[ClusterLabs] Is "Process pause detected" triggered too easily?

Tue Oct 3 21:57:43 CEST 2017

Hi Jan,

On Tue, 3 Oct 2017, Jan Friesse wrote:

> > I hope this makes sense! :)
> 
> I would still have some questions :) but that is really not related to 
> the problem you have.

Questions are welcome! I am new to this stack, so there is certainly room 
for learning and for improvement.

> My personal favorite is consensus timeout. Because you've set (and I 
> must say according to doc correctly) consensus timeout to 3600 (= 1.2 * 
> token).
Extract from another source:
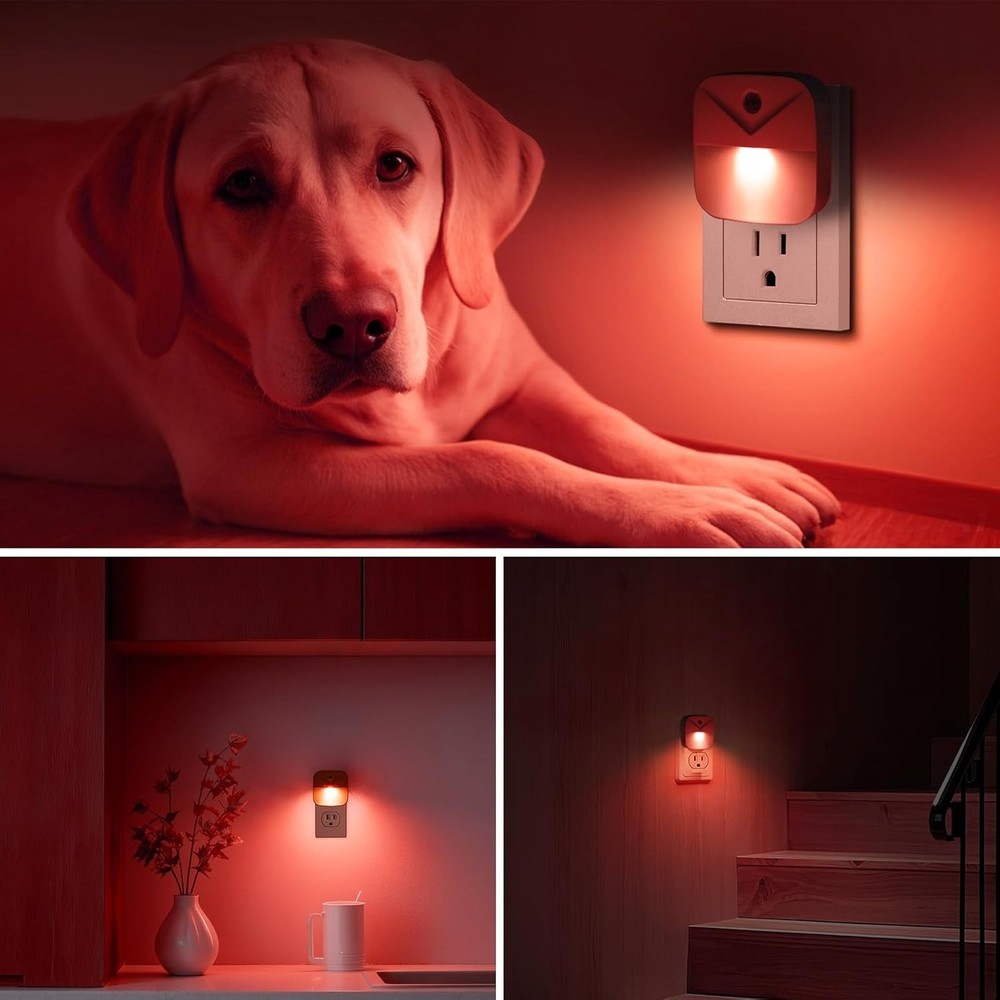 6 Pack LED Red Night Lights Plug Into Wall Dusk To Dawn Sensor Automatic Plastic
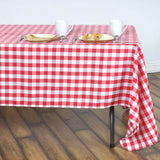 60"x126" White Red Buffalo Plaid Rectangle Tablecloth, Checkered Polyester Tablecloth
Problem is, that result token timeout is not 3000, but with 5 
> nodes it is actually 3000 (base token) + (no_nodes - 2) * 650 ms = 4950 
> (as you can check by observing runtime.config.totem.token key). So it 
> may make sense to set consensus timeout to ~6000.
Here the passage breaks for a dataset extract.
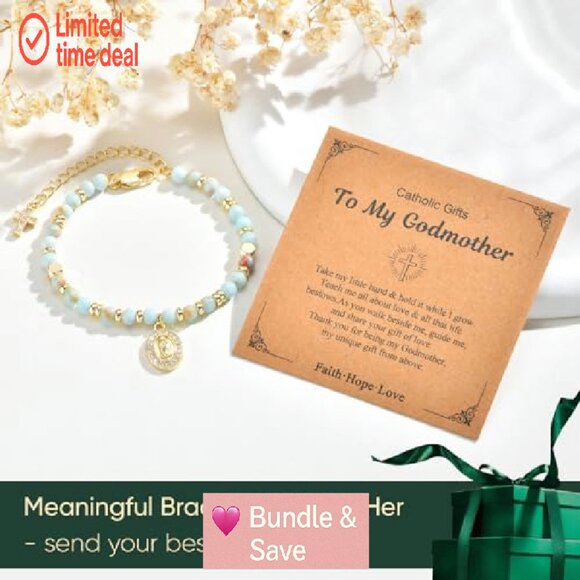 14K Gold Plated Virgin Mary Cross Bracelet Adjustable Dainty Beaded - Picture 6 of 8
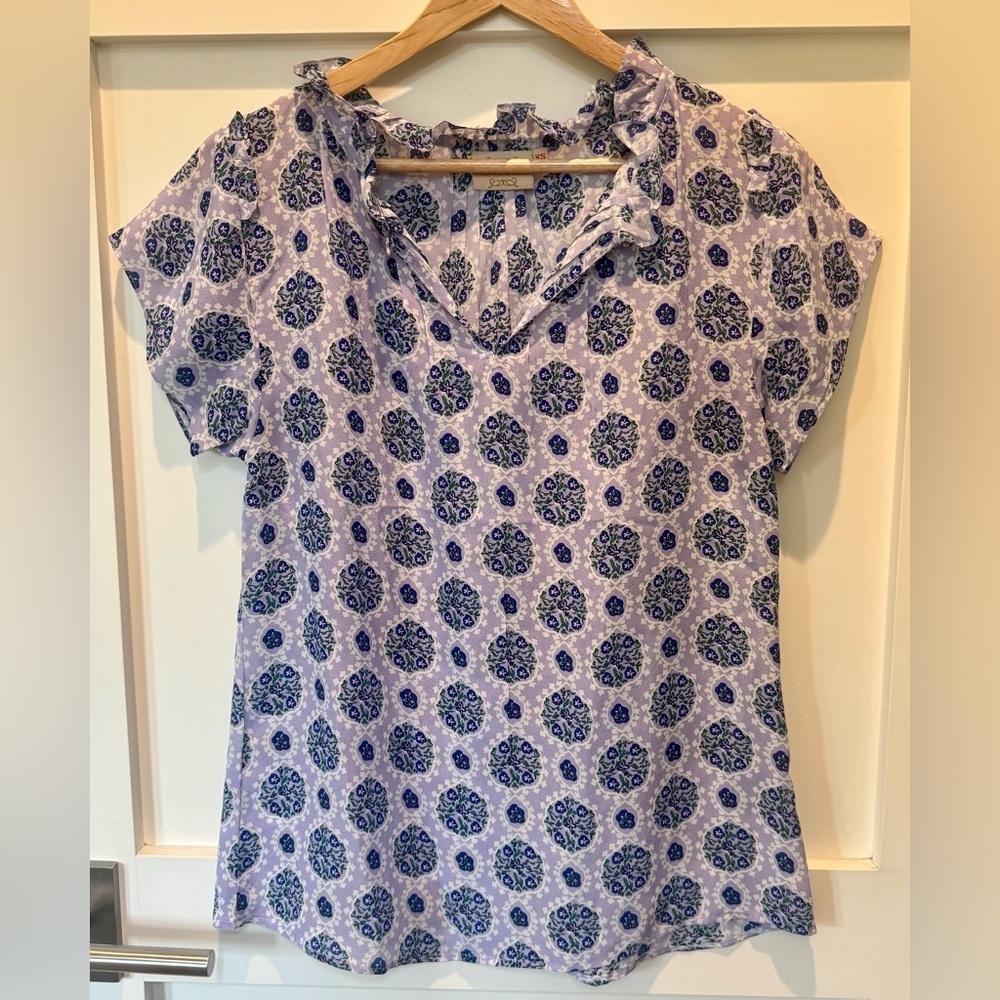 Rungolee Women’s V-Neck Floral Silk Blouse XS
Could you clarify the formula for me? I don't see how "- 2" and "650" map 
to this configuration.

And I suppose that on our bigger system (20+5 servers) we need to greatly 
increase the consensus timeout.

Overall, tuning the timeouts seems related to be Black Magic. ;) I liked 
the idea suggested in an old thread that there would be a spreadsheet (or 
even just plain formulas) exposing the relation between the various knobs.
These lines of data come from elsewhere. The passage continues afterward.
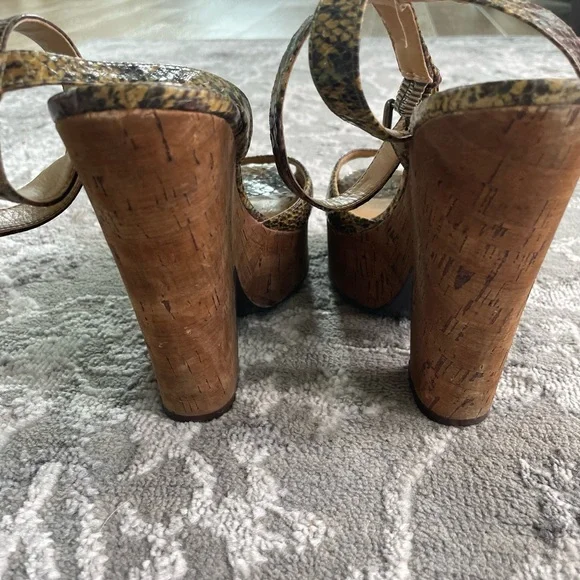 Nine West python and cork ankle strap heels - Picture 3 of 6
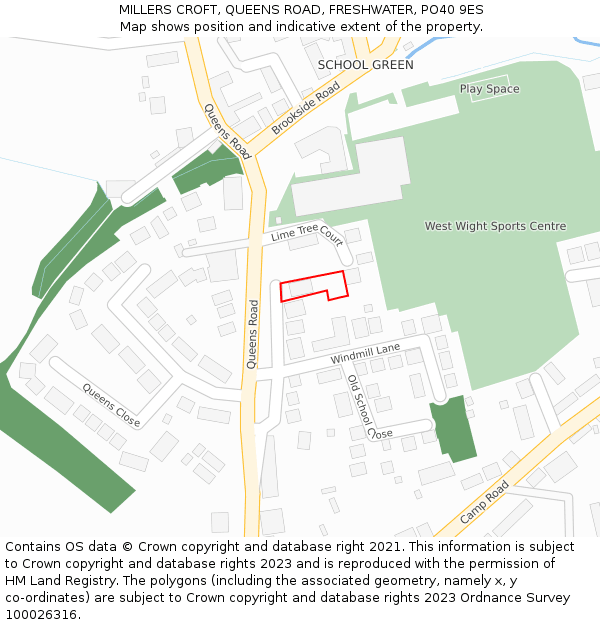 MILLERS CROFT, QUEENS ROAD, FRESHWATER, PO40 9ES: Location map and indicative extent of plot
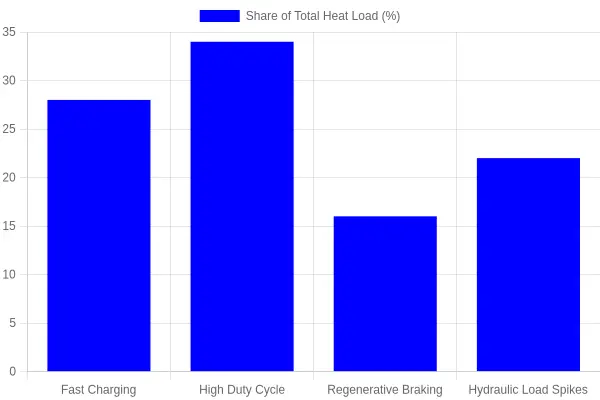 Bar chart showing battery pack heat load by source during a heavy summer excavator cycle: fast charging 28%, high duty cycle 34%, regenerative braking 16%, hydraulic load spikes 22%.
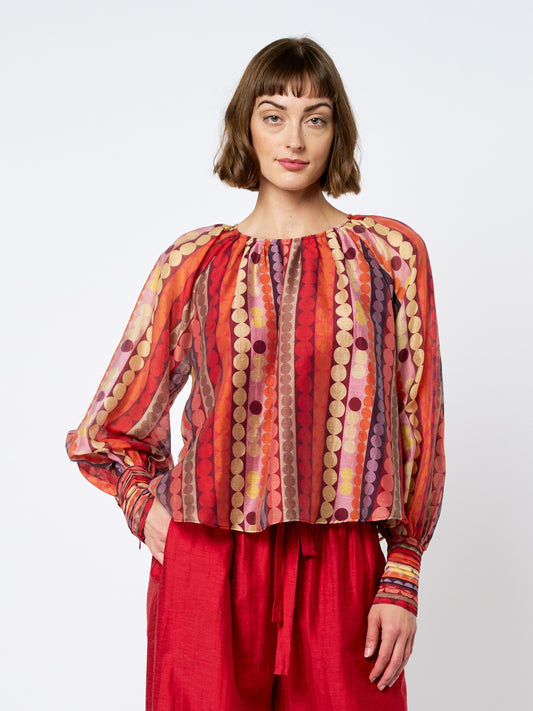 Rileigh Striped Blouse - Red Multi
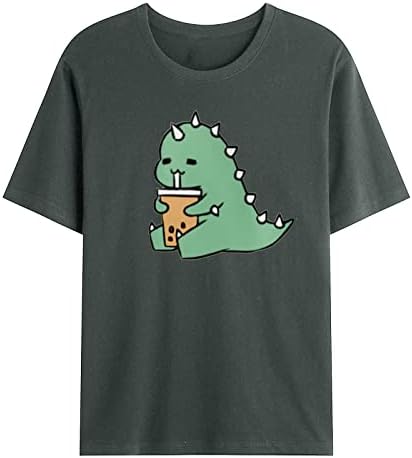 Sevimli Dinozor T Shirt Erkekler için Komik Grafik Gömlek Kısa Kollu Yuvarlak Boyun Tee Gömlek Şık Casual Gömlek Erkekler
One thing I wonder is: would it make sense to annotate the state machine 
diagram in the Totem paper (page 15 of 
http://www.cs.jhu.edu/~yairamir/tocs.ps.gz) with those tunables? Assuming 
the paper still reflects the behavior of the current code.

> This doesn't change the fact that "bug" is reproducible even with 
> "correct" consensus, so I will continue working on this issue.

Great! Thanks for taking the time to investigate.

Cheers,
JM

-- 
saffroy at gmail.com